“Excuse me,” I said to the lithe twenty-something after she uncoiled out of her improbable yoga pose.
“Yes?” the girl said, her creep detection radar blasting enough wattage to boil my blood away.
“Are you using this box for your workout?”
“Oh, no I’m not. Sorry.” After removing her keys, phone, earbuds, towel, water bottle, and workout gloves she said, “It’s all yours.”
“Thanks,” I said, picking it up. “Take care.”
Marching to the other end of the gym I set the box, which was about three feet high, on the floor and launched into my routine; prison squats, walking lunges and then I jumped onto the box ten times. One minute breather. Repeat. After four sets I was sweating bullets.

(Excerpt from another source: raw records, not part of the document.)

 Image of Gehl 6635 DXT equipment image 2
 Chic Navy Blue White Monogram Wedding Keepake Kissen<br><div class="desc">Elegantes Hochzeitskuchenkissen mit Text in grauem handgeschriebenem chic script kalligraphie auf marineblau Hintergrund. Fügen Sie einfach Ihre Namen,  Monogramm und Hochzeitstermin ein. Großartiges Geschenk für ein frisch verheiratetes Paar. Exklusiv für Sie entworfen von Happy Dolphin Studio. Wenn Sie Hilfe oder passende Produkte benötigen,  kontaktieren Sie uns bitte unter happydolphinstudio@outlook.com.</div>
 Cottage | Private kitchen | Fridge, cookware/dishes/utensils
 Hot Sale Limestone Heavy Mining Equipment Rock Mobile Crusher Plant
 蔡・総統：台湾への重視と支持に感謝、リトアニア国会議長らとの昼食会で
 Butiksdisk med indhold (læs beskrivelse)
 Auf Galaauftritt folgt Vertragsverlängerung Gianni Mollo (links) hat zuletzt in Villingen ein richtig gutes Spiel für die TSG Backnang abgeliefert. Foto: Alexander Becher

After a long hiatus from physical fitness I’ve returned to the gym. When I started two months ago I could barely go twenty minutes on the elliptical machine. Now I’m doing some plyometrics, HIIT training and throwing the iron around. My wife tells me my clothes are fitting better and my blood pressure’s dropped – but I’ve got a long way to go.
Walking to the squat rack, I put 130 pounds on the 45 pound bar, slipped under it, set up my feet and did twelve reps. Racking the bar, I stepped back and shook my head. When I was forty I could do so much more
“Ah, question.” I heard a voice say behind me.

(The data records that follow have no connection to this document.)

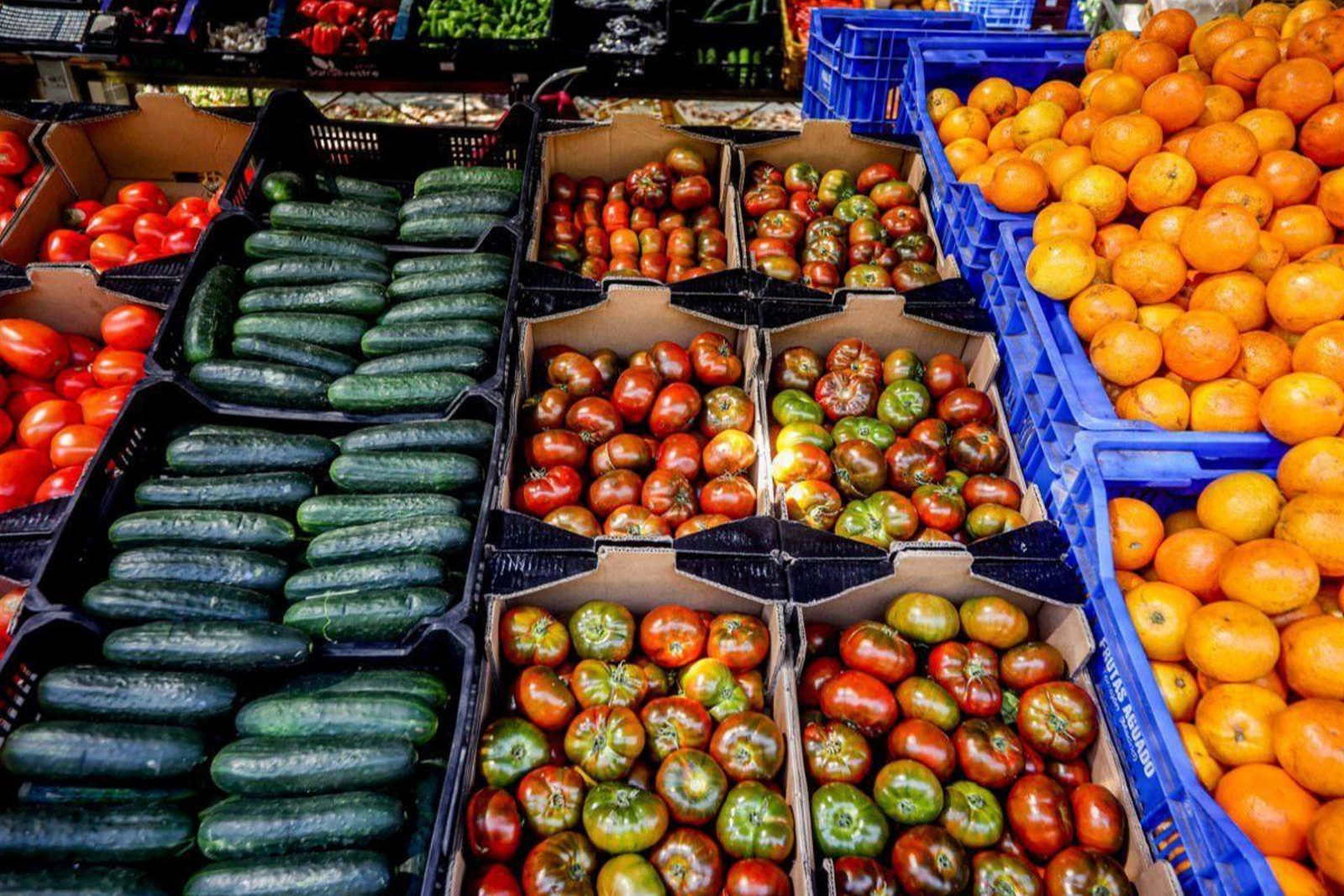Un puesto de frutas y hortalizas en un mercadillo al aire libre de Madrid.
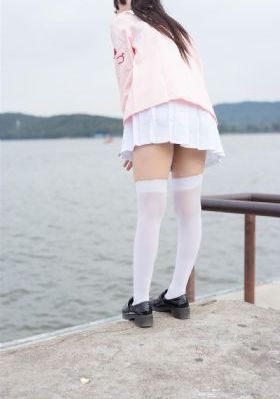 厕所少年在线观看_1080电影完整版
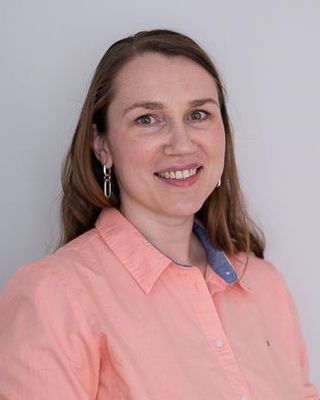 Photo of Zhanna Bazarova, Registered Psychotherapist (Qualifying)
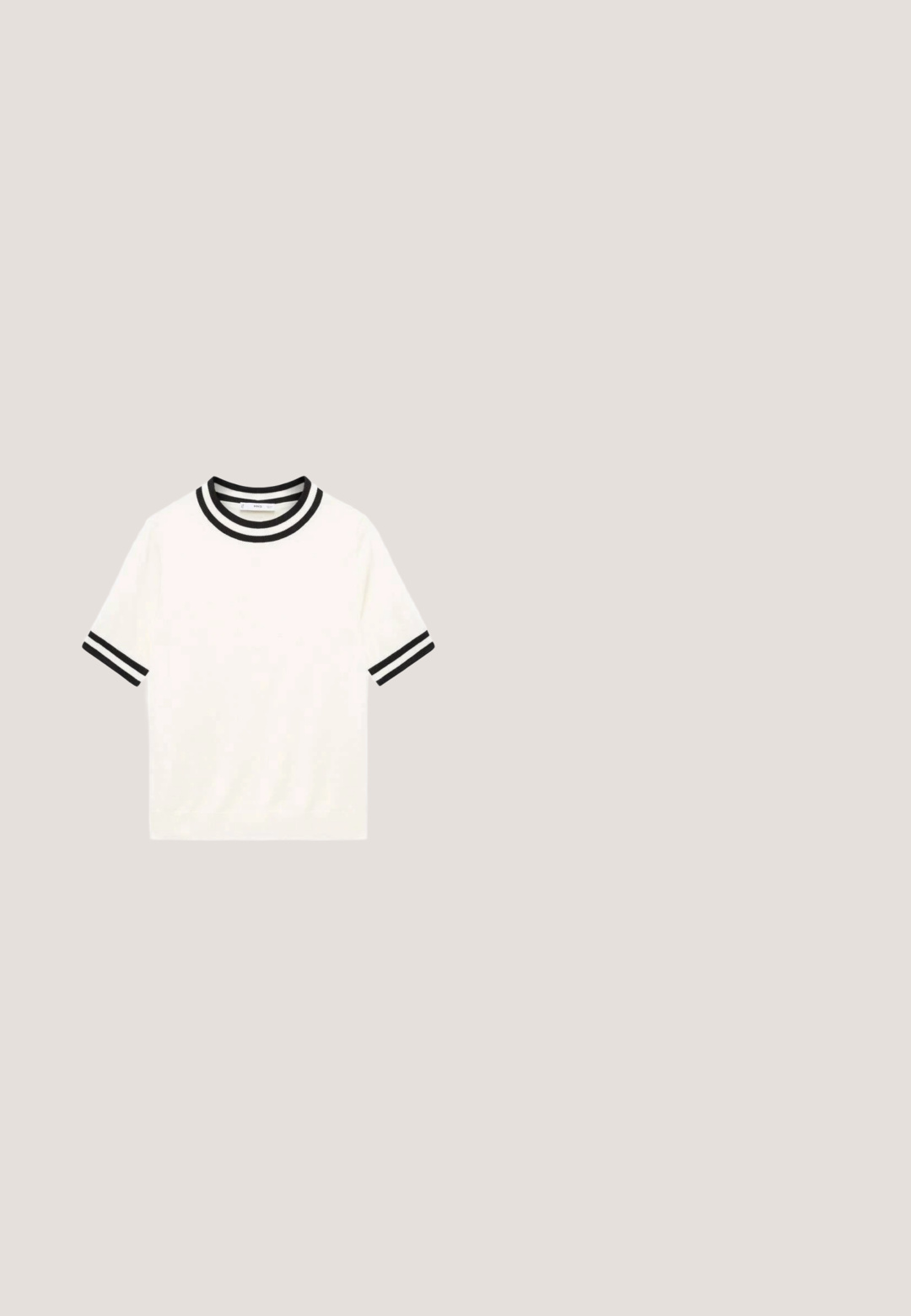 T-shirt blanc à manches courtes avec un col rond, featuring des rayures noires sur le col et les manches. Fabriqué en tissu lisse avec une coupe décontractée.; Pantalons larges blancs amples avec taille élastique et cordon de serrage, conçus pour un look décontracté.; Bottes en cuir noir montantes jusqu'au genou, avec un bout pointu et un talon carré, large. Texture lisse avec des détails de couture subtils.; Lunettes de soleil noires rectangulaires avec des verres sombres, dotées d'une monture en plastique brillant et de branches décorées de petits trous ronds.; Sac bandoulière en cuir noir avec une finition texturée, une quincaillerie dorée et un logo circulaire. Comprend une sangle réglable et une fermeture à rabat.; Boucles d'oreilles clous en forme de cœur en or rose avec finition polie, une montrant le devant et l'autre le côté avec fermoir papillon.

Turning around, I saw the voice belonged to a well-muscled twentyish male with 3% body fat. He had headphones in his ears and was busy texting furiously.

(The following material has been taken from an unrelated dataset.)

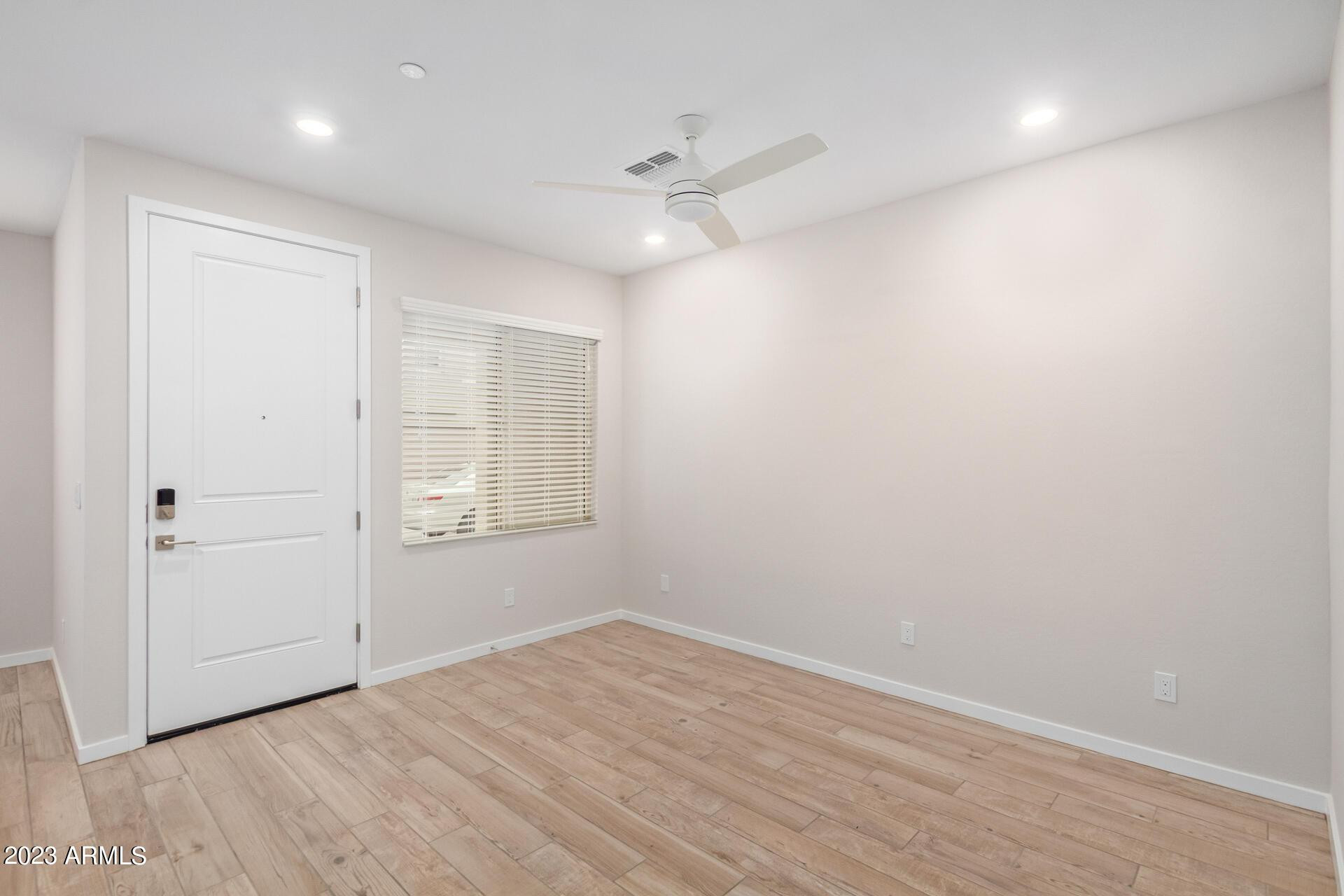 729 E Zesta Lane Unit 103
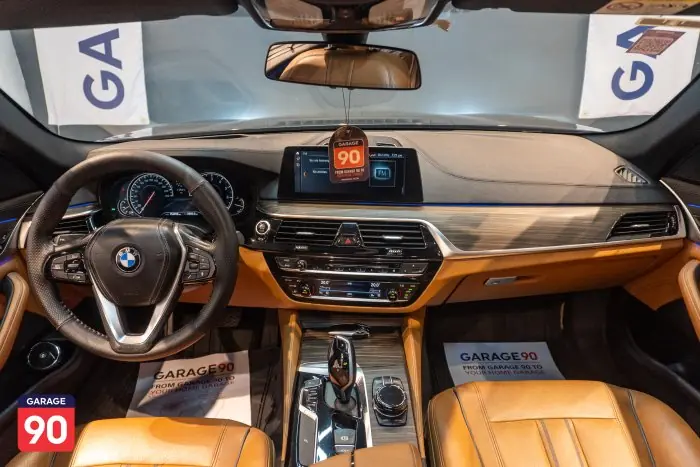 bmw 520i 2018 - صورة 15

Letting my oxygen levels return to normal, I just looked at the guy. When he realized he wasn’t getting a response, he looked up.
“Yes?” I said,
“How long are you going to be?” he said, looking kind of offended.
“Ah,” I said, “Five sets at least.”
Returning to his gizmo, he said, “I’ll wait.”
Watching as Nature Boy made a big show of dropping his gym bag and gallon jug of Gatorade next to the rack, I could read the expression on his face. Hurry up old man.
Oh well. When I was his age I probably thought the same thing about the geezers at my old gym. Sliding back under the bar, I banged out ten reps. Then I walked over to water fountain by the reception desk to refill my water bottle. When I returned the guy shot me a look. Ignoring him, I figured my rest period had elapsed and banged out ten more reps. This time it was much harder. After a few more sets I was finished. Time for deadlifts. Joy.
“You want me to strip the bar?” I asked Nature Boy.
“No thanks,” he said, waving me away. Let someone in real shape workout.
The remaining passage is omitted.